Secondarily, ditching the three-arg form from Stream would remove one element of support for naming reduce and collect differently; part of the motivation for a different name was that the three-arg collect and three-arg reduce overloaded very poorly if they had the same name. However, I think we should resist the temptation to act on this. I think (a) there is pedagogical value in separating function and mutable reduce forms, and (b) if we do this, we slam the door on the more flexible version, which will badly bite us in a tupled future.

We might still consider the three-arg version for IntStream. That's the case where Joe's example works.

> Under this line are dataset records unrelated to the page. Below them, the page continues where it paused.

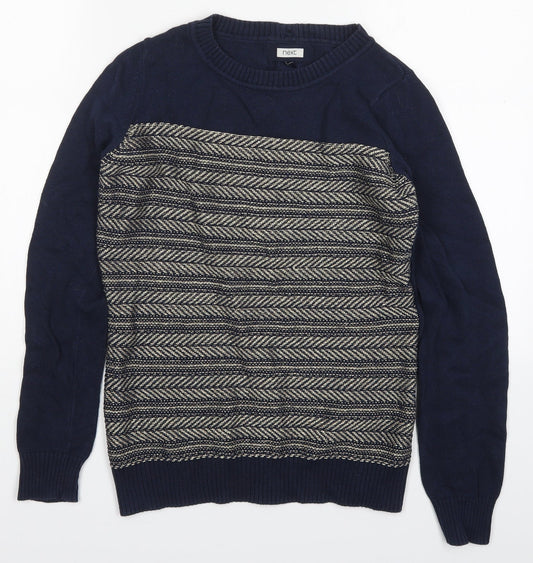 NEXT Womens Blue Round Neck Geometric Cotton Pullover Jumper Size 10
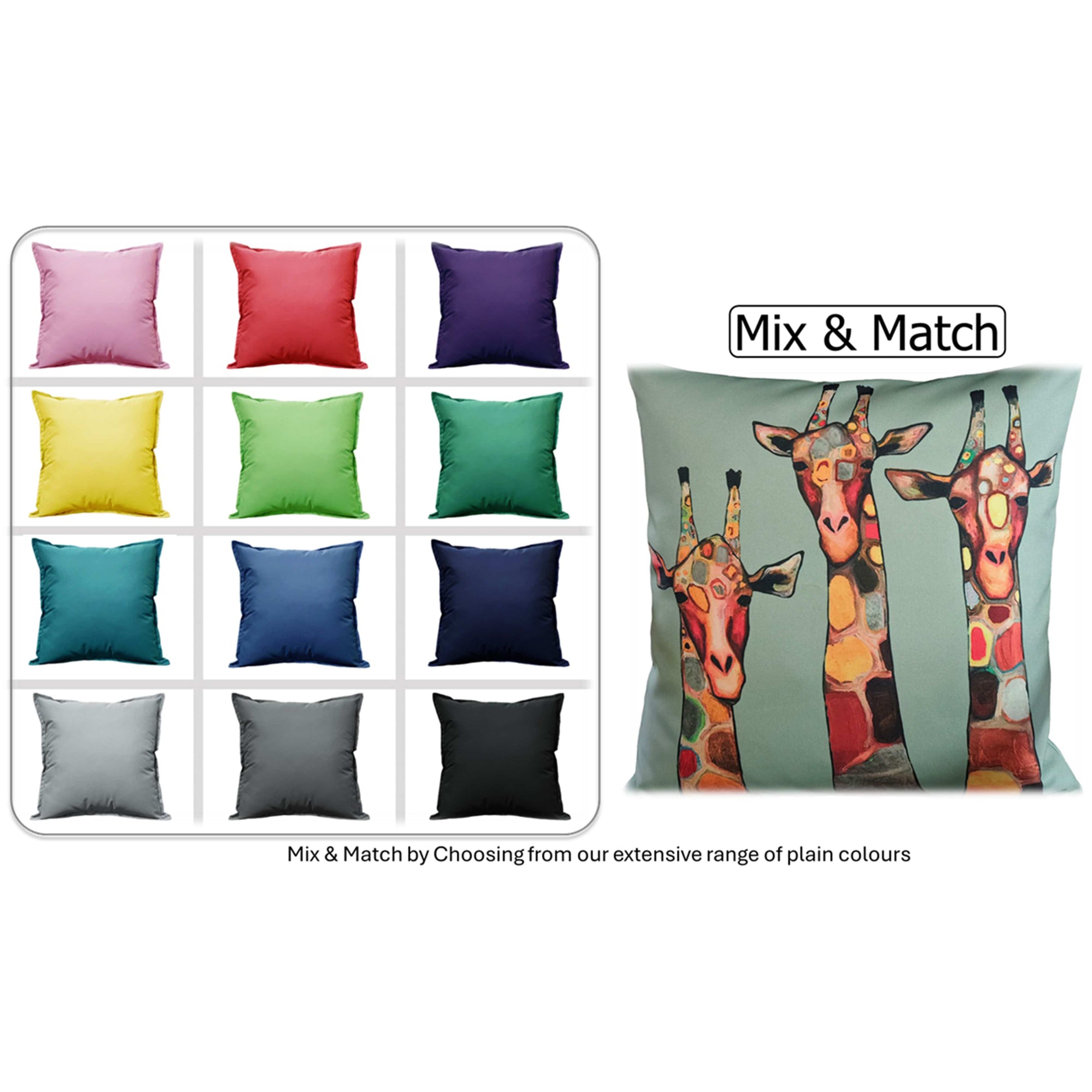 Waterproof Breathable Giraffe Hollowfibre Filled Cushions 43x43cm for Outdoor Garden Bench Sofa or Indoor Use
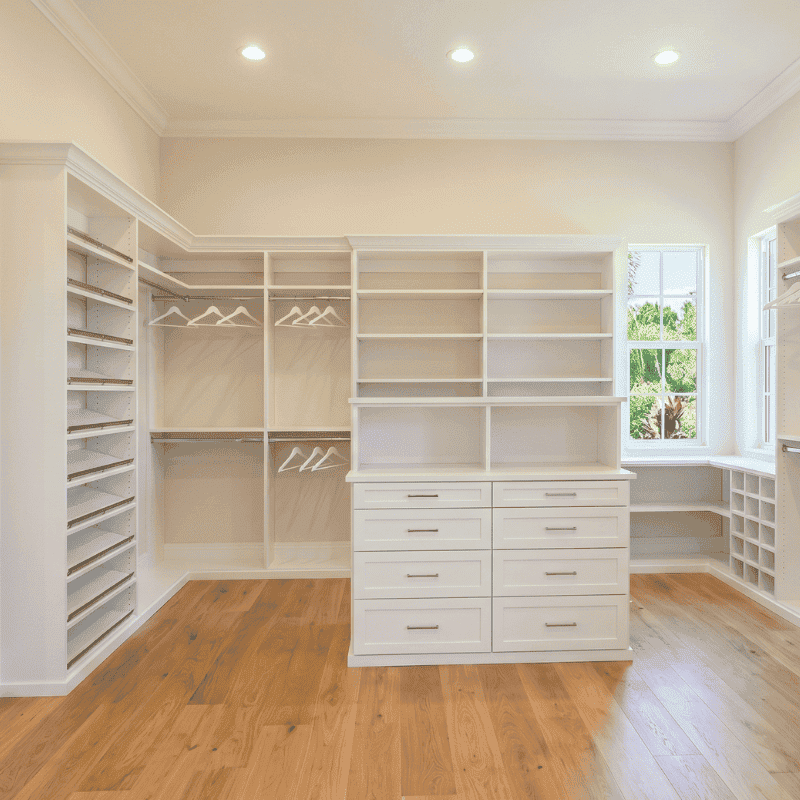 Custom walk-in closet system in a new construction Port Charlotte home with white shelving and hanging rods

On 2/11/2013 11:41 AM, Brian Goetz wrote:

Now that we've added all the shapes of map() to Stream (map to ref/int/long/double), and we've separated functional reduce (currently called reduce) from mutable reduce (currently called collect), I think that leaves room for taking out one of the reduce methods from Stream:

U reduce(U identity, BiFunction<U, ? super T, U> accumulator, BinaryOperator reducer); This is the one that confuses everyone anyway, and I don't think we need it any more. The argument for having this form instead of discrete map+reduce are: - fused map+reduce reduces boxing - this three-arg form can also fold filtering into the accumulation However, since we now have primitive-bearing map methods, and we can do filtering before and after the map, is this form really carrying its weight? Specifically because people find it counterintuitive, we should consider dropping it and guiding people towards map+reduce. For example, "sum of pages" over a stream of Documents is better written as: docs.map(Document::getPageCount).sum() rather than docs.reduce(0, (count, d) -> count + d.getPageCount(), Integer::sum) The big place where we need three-arg reduce is when we're folding into a mutable store. But that's now handled by collect(). Have I missed any use cases that would justify keeping this form?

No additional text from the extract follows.